Bassik and Kampmann developed a pooling approach to overcome the problems inherent in any RNAi screen, that is, direct off-target effects (an unintended target is knocked down) and indirect effects (the cellular RNAi machinery is saturated). They applied this procedure to find genes whose interaction affects the response of human cells to the toxin ricin.

Schematic of the pooled shRNA strategy. shRNAs are split into pools a, b and c, and randomly ligated into pairs. Reprinted with permission from Cell.

Starting with a primary genome-wide RNAi screen, they targeted every protein- coding gene with 25 different short hairpin RNAs (shRNAs), infected human leukemia cells, and monitored the enrichment of shRNAs in pools of cells with and without ricin treatment by deep sequencing. The high-coverage library maximizes the chance to effectively target each gene with multiple independent shRNAs, and thus allows rigorous evaluation of the probability that shRNAs act on the intended target. This screen yielded 200 genes affecting a cell's susceptibility to ricin. The team then barcoded and ligated pairs of shRNAs to these genes and repeated the screen. Computational deconvolution allowed them to identify genetic interactions that deviated from the expected phenotypes. The resulting genetic-interaction map recapitulated well-characterized complexes but also highlighted unexpected results.

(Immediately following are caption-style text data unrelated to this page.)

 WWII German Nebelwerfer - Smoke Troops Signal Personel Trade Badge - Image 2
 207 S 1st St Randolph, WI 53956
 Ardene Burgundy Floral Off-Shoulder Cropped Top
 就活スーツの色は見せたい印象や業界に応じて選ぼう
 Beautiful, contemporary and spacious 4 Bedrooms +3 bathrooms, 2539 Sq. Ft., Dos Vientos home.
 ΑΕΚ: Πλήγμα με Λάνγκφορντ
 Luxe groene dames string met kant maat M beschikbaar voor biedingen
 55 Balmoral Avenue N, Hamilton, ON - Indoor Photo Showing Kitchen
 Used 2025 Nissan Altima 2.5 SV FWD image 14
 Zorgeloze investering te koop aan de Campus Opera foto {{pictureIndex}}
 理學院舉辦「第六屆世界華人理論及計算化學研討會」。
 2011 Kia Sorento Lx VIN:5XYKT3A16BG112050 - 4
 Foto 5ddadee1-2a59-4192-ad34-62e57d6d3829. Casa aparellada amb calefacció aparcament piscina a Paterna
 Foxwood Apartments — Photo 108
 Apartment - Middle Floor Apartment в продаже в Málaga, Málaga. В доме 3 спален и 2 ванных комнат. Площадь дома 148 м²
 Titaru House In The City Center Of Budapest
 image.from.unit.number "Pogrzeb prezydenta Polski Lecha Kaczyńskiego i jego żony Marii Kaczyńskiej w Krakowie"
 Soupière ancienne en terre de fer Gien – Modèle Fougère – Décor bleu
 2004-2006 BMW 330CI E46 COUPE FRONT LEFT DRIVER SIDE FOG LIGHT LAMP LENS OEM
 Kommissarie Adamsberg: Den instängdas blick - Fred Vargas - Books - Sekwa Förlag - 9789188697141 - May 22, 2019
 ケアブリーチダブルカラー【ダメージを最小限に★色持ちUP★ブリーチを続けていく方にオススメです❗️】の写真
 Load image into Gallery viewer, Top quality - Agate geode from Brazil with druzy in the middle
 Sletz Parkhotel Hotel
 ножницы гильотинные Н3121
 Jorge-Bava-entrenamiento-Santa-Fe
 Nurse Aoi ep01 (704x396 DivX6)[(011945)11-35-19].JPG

This pooling strategy has several advantages in addition to controlling for off-target effects. “We did not need high-throughput robotics,” says Kampmann; “anybody with a cell culture room can implement our method.” One also does not need to be concerned about batch or positioning effects like in well-based assays, and the amount of the pooled cells is easily scalable; furthermore, the use of a virus to infect cells with shRNAs does not limit the screen to easily transfectable cell lines. The limitation is that phenotypes need to be assessed in pooled populations, and one cannot look at more subtle changes in individual cells that would require a microscope.

To monitor more phenotypic readouts, Krogan's team, in collaboration with the groups of Barbara Panning and Sourav Bandyopadhyay, used a different approach to screen each gene pair in a separate well by high-content imaging. The scientists used endonuclease-prepared siRNAs (esiRNAs), which are generated via cleavage of double-stranded mRNA into multiple small interfering RNAs. This reduces the chance of off-target effects but requires robotic liquid handlers to dispense two esiRNAs in each well. The researchers reverse-transfected mouse cells and monitored the effect on cell growth with imaging. They targeted 130 genes that are known to be involved in the regulation of chromatin and scored each genetic interaction pair as positive, negative or neutral. Krogan sums up the results, “we were happy to see that the genetic trends that we saw in simple organisms also exist in higher organisms, including the fact that positive genetic interactions correlate with protein-protein interactions.”

For both teams, the investigation of epistasis in disease pathways is a high priority. Whereas Weissman's team wants to study cancer cells, Krogan's group is interested in analyzing host-pathogen interactions, where the ability to have multiphenotypic readouts is key, as well as higher-order interactions involving three genes. In addition, Krogan and colleagues are working with an esiRNA library targeting noncoding RNAs to probe how these regulatory RNAs interact with their protein-coding counterparts.